Method and Apparatus for Real Time Emotion Detection in Audio Interactions

PublishedJuly 28, 2015

Assigneenot available in USPTO data we have

InventorsRonen LAPERDON Moshe Wasserblat Tzach Ashkenazi Ido David David Oren Pereg

Technical Abstract

Patent Claims

16 claims

Legal claims defining the scope of protection, as filed with the USPTO.

1. A computerized method for real time emotion detection in audio interactions comprising: receiving at a computer server a portion of an audio interaction between a customer and an organization representative, the portion of the audio interaction comprises a speech signal; extracting feature vectors from the speech signal by extracting Mel-Frequency Cepstral Coefficients and their derivatives from the speech signal; obtaining a statistical model; producing adapted statistical data by adapting the statistical model according to the speech signal using the feature vectors extracted from the speech signal; obtaining an emotion classification model; and producing an emotion score based on the adapted statistical data and the emotion classification model, said emotion score represents the probability that the speaker that produced the speech signal is in an emotional state.

2. The method according to claim 1 , further comprises storing the emotion score in an emotion flow vector, said emotion flow vector stores a plurality of emotion scores over time; generating an emotion detection signal based on the plurality of emotion scores stored in the emotion flow vector; and issuing an emotion alert to a contact center employee based on the emotion detection signal while the audio interaction is in progress.

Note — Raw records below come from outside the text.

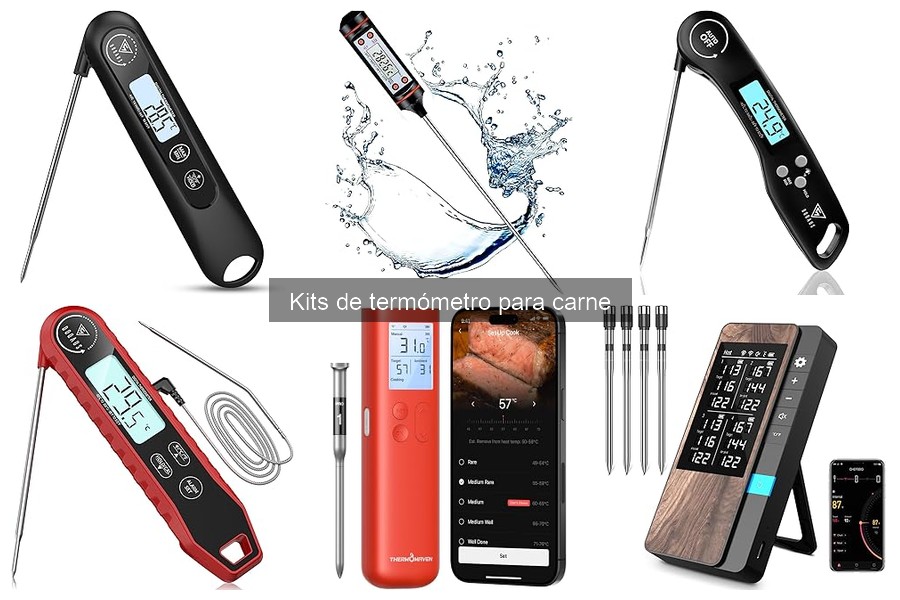 Mejores kits de termómetro para carne en 2023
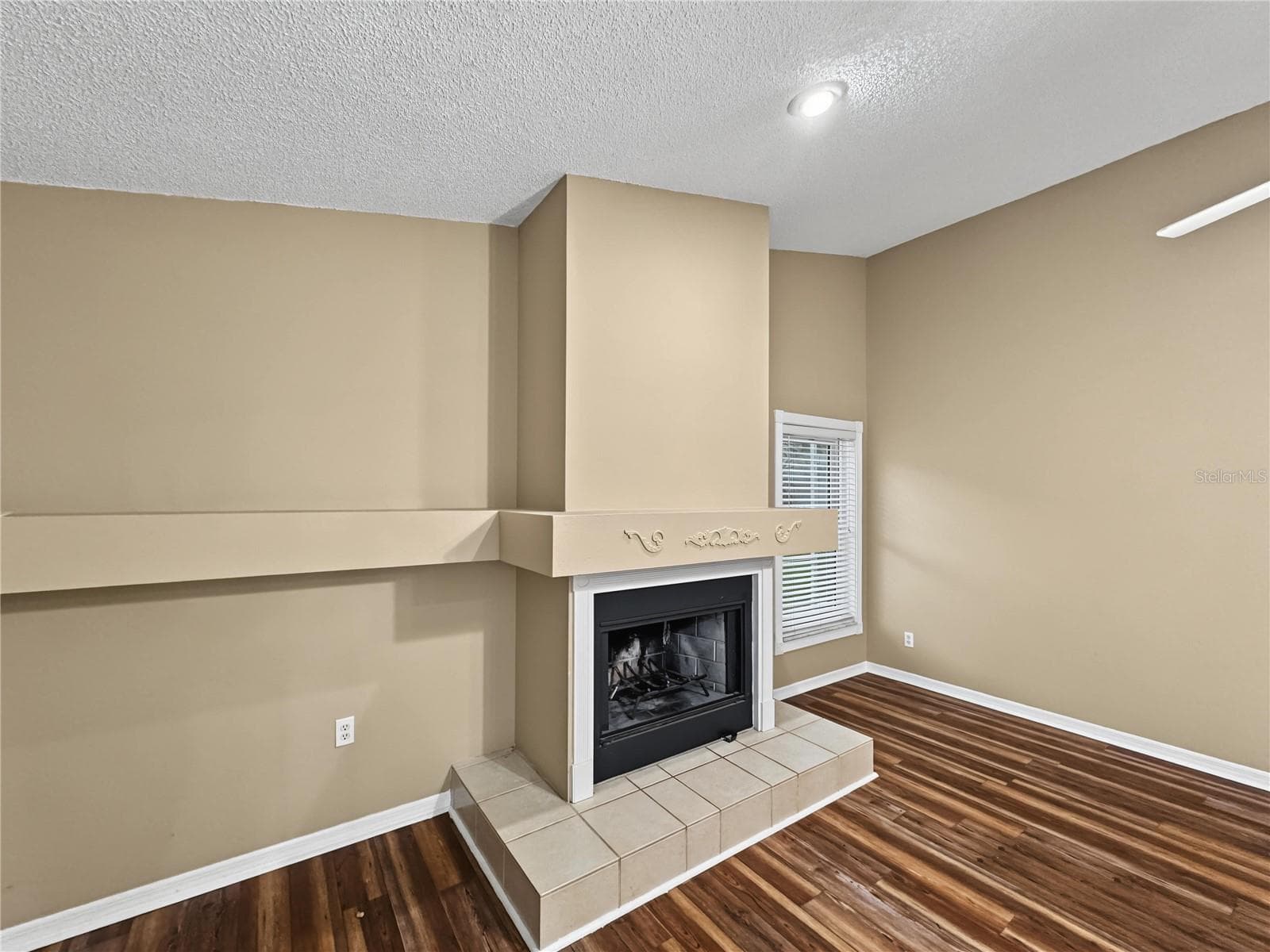 Single Family Residence at 2510 BRIMHOLLOW DR, VALRICO, photo 7 of 25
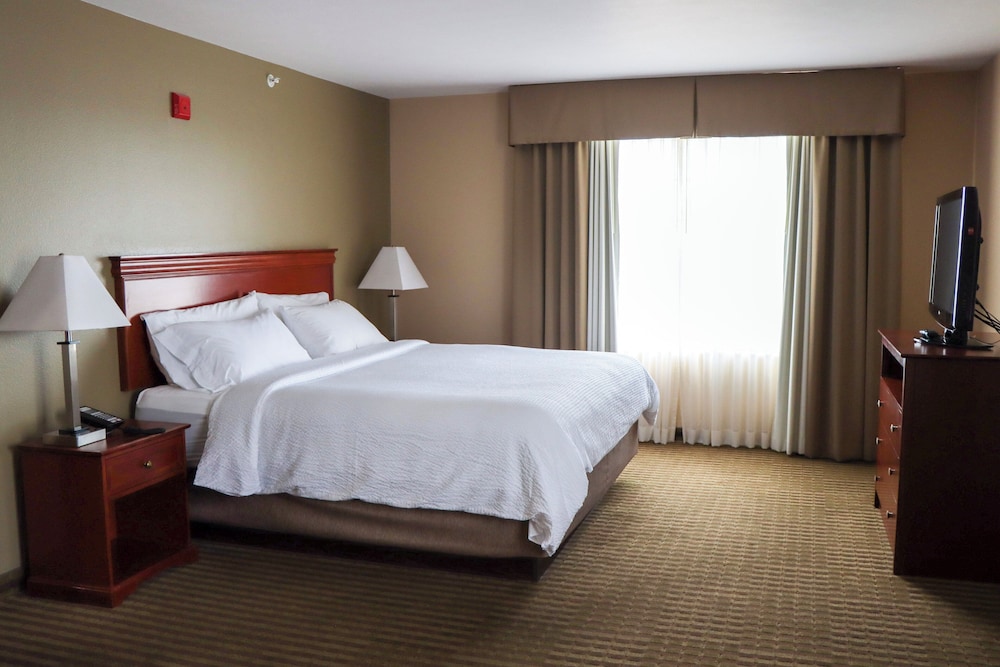 Suite, 1 King Bed - Photo 2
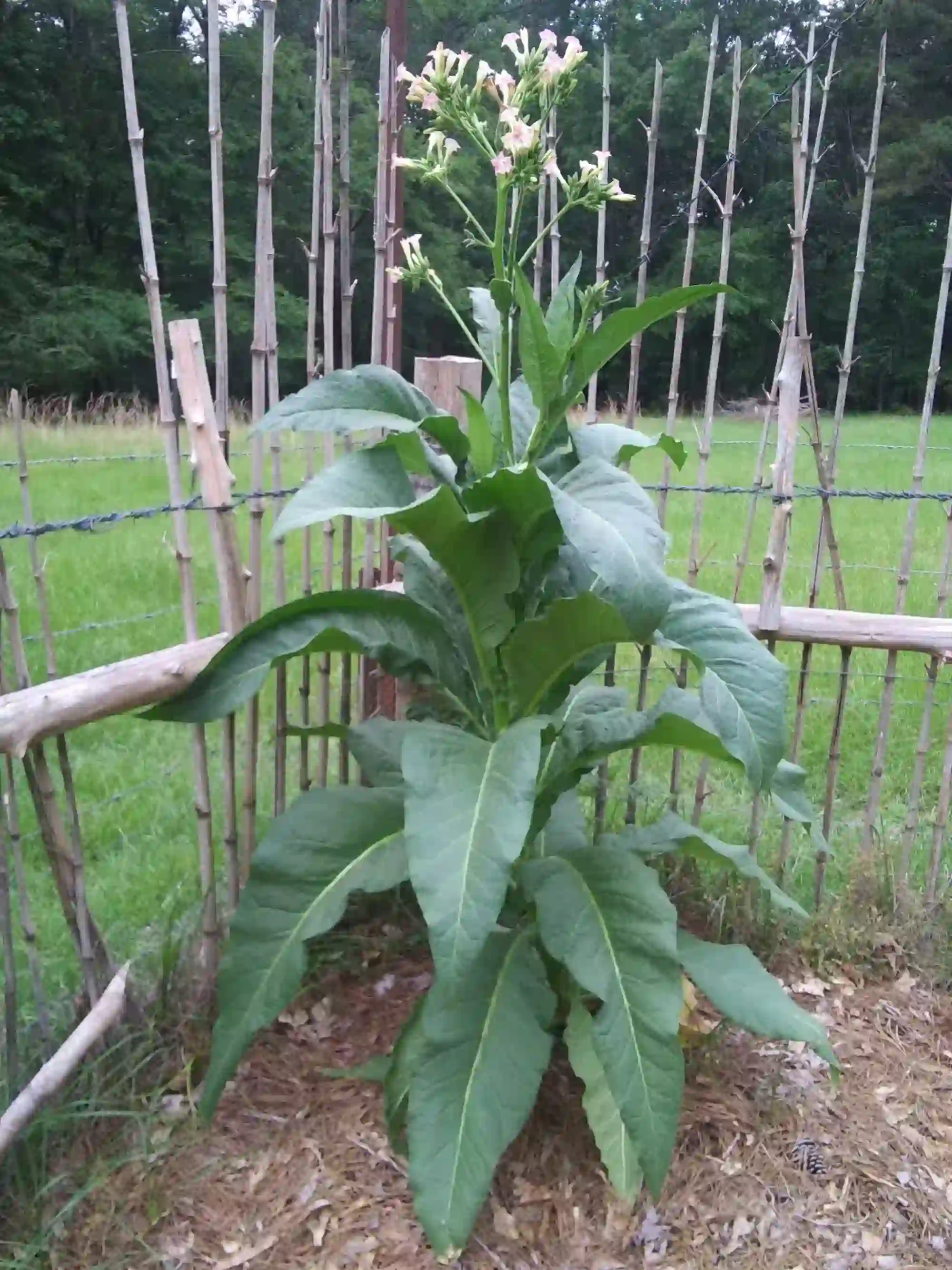 tobacco plant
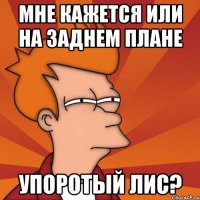 мне кажется или на заднем плане упоротый лис?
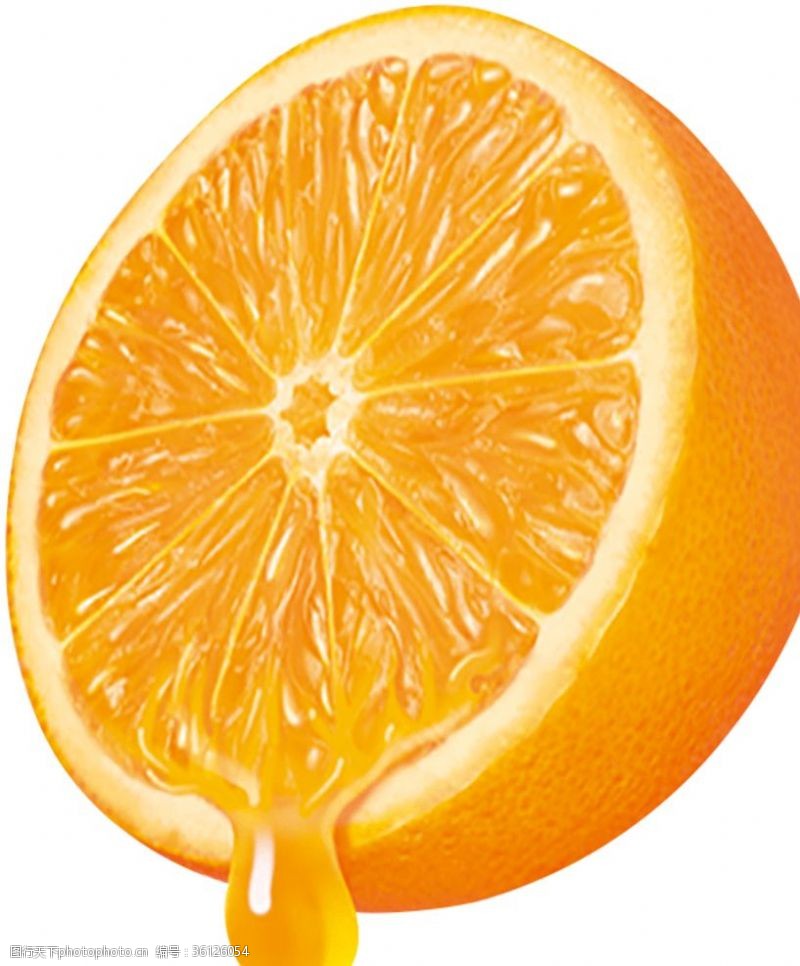 橙子切片素材橙子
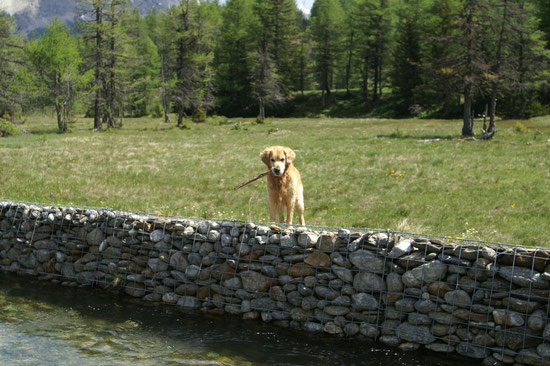 Arco am Bach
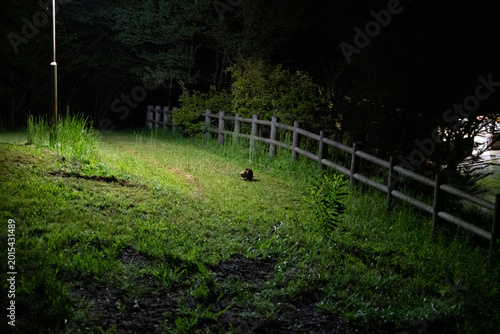 Foto 夜の草地に現れた小さな命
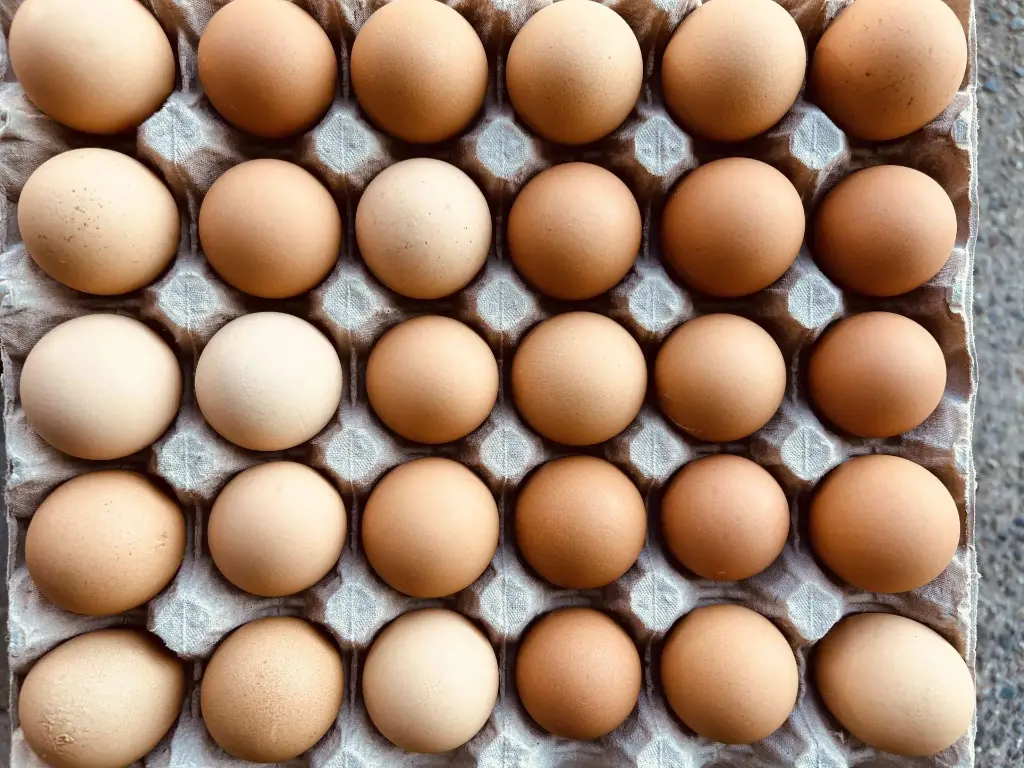 Newborn Eggs | 初生蛋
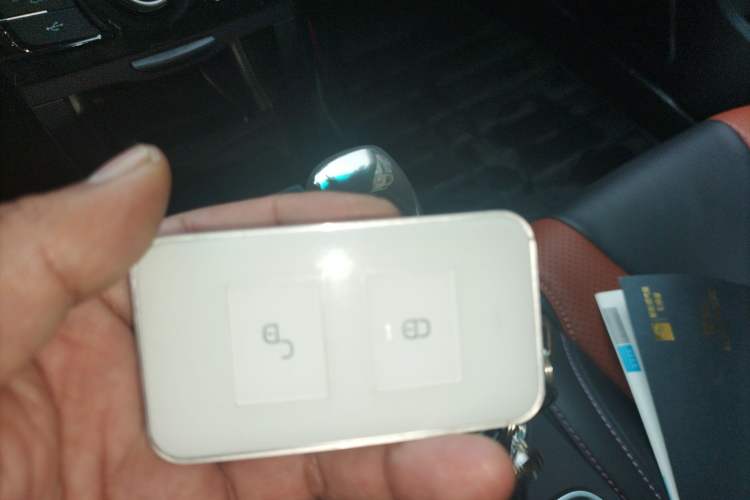 Used BYD Qin New Energy 2016 Qin EV300 Prestige Model
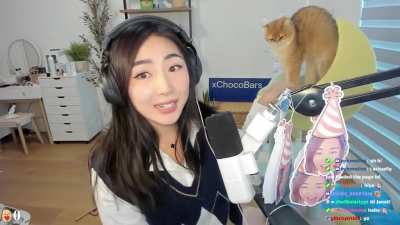 Two cuties in one stream, Janet and her cat &hearts;️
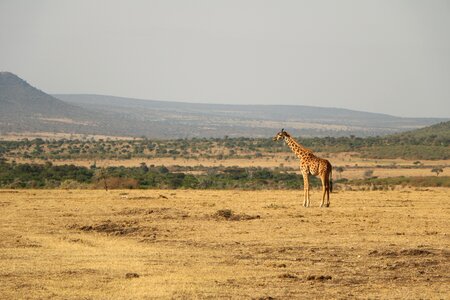 Wildlife travel giraffe photo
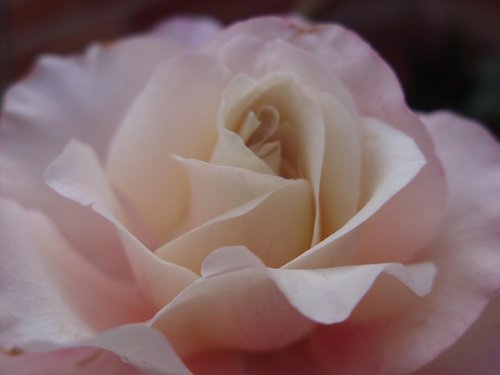 rosa  flower  nature
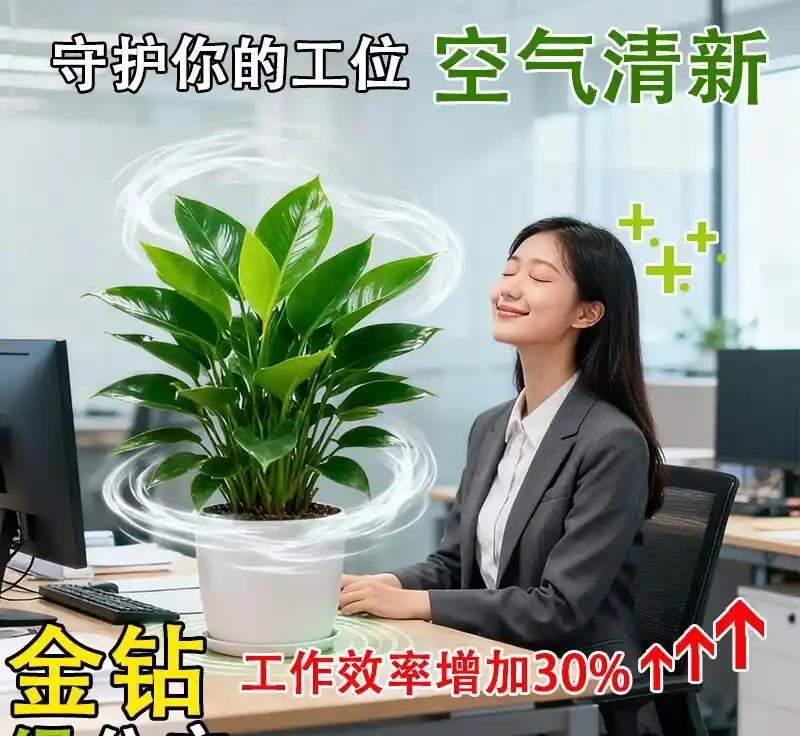 室內綠植界黑馬金鑽綠公主,不僅擁有強大空氣淨化能力,還被傳自帶招財屬性,其雙重魅力究竟有多驚人?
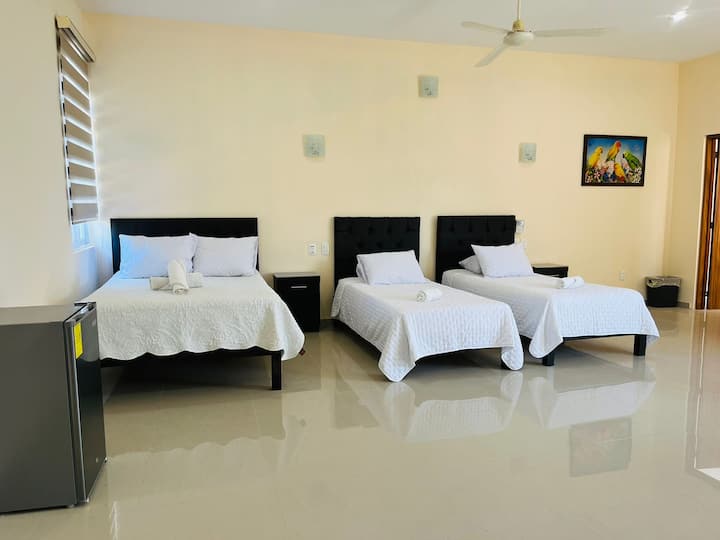 Dormitorio 5
1 cama doble, 2 camas individuales y 1 sofá cama individual.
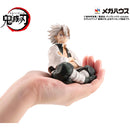 Demon Slayer Kimetsu no Yaiba MEGAHOUSE G.E.M. Series  Palm size Shinazugawa-san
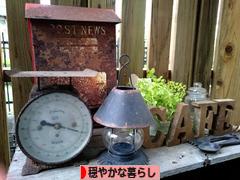 にほんブログ村 ライフスタイルブログ 穏やかな暮らしへ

3. The method according, to claim 2 wherein the generation of the emotion detection signal is based on detection of predefined patterns in the plurality of emotion scores stored in the emotion flow vector.

4. The method according to claim 2 wherein the generation of emotion detection signal is based on a mathematical function that is applied on the stored emotion scores.

5. The method according to claim 1 , wherein the adapted statistical data is produced by extracting, a means vector from the adapted statistical model.

6. The method according to claim 1 , further comprises displaying the plurality of emotion scores stored in the emotion flow vector while the audio interaction is in progress.

7. The method according to claim 1 wherein said statistical model is a statistical representation of a plurality of feature vectors extracted from a plurality of audio interactions.

8. The method according to claim 1 wherein said emotion classification model generation comprises: obtaining a plurality of audio interactions; associating each portion of each one of the plurality of audio interactions with a first class or with a second class; extracting a plurality of feature vectors from the plurality of audio interactions; obtaining the statistical model; generating a plurality of first adapted statistical models by adapting the statistical model using the plurality of feature vectors that are extracted from the portions that are associated with the first class; generating a plurality of second adapted statistical models by adapting the statistical model using the plurality of feature vectors extracted from the portions that are associated With the second class; producing a plurality of first adapted statistical data from the plurality of the first adapted statistical models; producing a plurality of second adapted statistical data from the plurality of the second adapted statistical models; and generating the emotion classification model based on the plurality of first adapted statistical data and the plurality of second adapted statistical data.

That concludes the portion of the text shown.